### What you will do
Would you please transcribe the records below from the line with "Un bâtiment isolé, d’aspect" through their final line, exactly and with no other lines?

### Data for analysis
☆ ☆ ☆ ☆ ☆

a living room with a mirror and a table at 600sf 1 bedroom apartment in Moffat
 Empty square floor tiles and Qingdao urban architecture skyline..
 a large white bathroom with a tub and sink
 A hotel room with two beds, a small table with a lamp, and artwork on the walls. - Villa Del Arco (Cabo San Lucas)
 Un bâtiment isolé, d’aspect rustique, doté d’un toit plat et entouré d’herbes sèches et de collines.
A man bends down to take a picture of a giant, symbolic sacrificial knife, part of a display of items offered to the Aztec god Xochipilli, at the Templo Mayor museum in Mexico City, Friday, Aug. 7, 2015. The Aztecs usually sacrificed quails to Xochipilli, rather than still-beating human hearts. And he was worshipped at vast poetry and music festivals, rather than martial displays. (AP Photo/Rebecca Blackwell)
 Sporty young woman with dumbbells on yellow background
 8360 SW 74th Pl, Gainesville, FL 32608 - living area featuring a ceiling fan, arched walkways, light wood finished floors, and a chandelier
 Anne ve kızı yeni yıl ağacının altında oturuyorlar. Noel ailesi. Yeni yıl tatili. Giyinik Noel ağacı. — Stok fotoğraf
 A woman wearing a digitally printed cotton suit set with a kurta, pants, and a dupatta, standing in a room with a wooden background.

☆ ☆ ☆ ☆ ☆

### Solved exercise
 Un bâtiment isolé, d’aspect rustique, doté d’un toit plat et entouré d’herbes sèches et de collines.
A man bends down to take a picture of a giant, symbolic sacrificial knife, part of a display of items offered to the Aztec god Xochipilli, at the Templo Mayor museum in Mexico City, Friday, Aug. 7, 2015. The Aztecs usually sacrificed quails to Xochipilli, rather than still-beating human hearts. And he was worshipped at vast poetry and music festivals, rather than martial displays. (AP Photo/Rebecca Blackwell)
 Sporty young woman with dumbbells on yellow background
 8360 SW 74th Pl, Gainesville, FL 32608 - living area featuring a ceiling fan, arched walkways, light wood finished floors, and a chandelier
 Anne ve kızı yeni yıl ağacının altında oturuyorlar. Noel ailesi. Yeni yıl tatili. Giyinik Noel ağacı. — Stok fotoğraf
 A woman wearing a digitally printed cotton suit set with a kurta, pants, and a dupatta, standing in a room with a wooden background.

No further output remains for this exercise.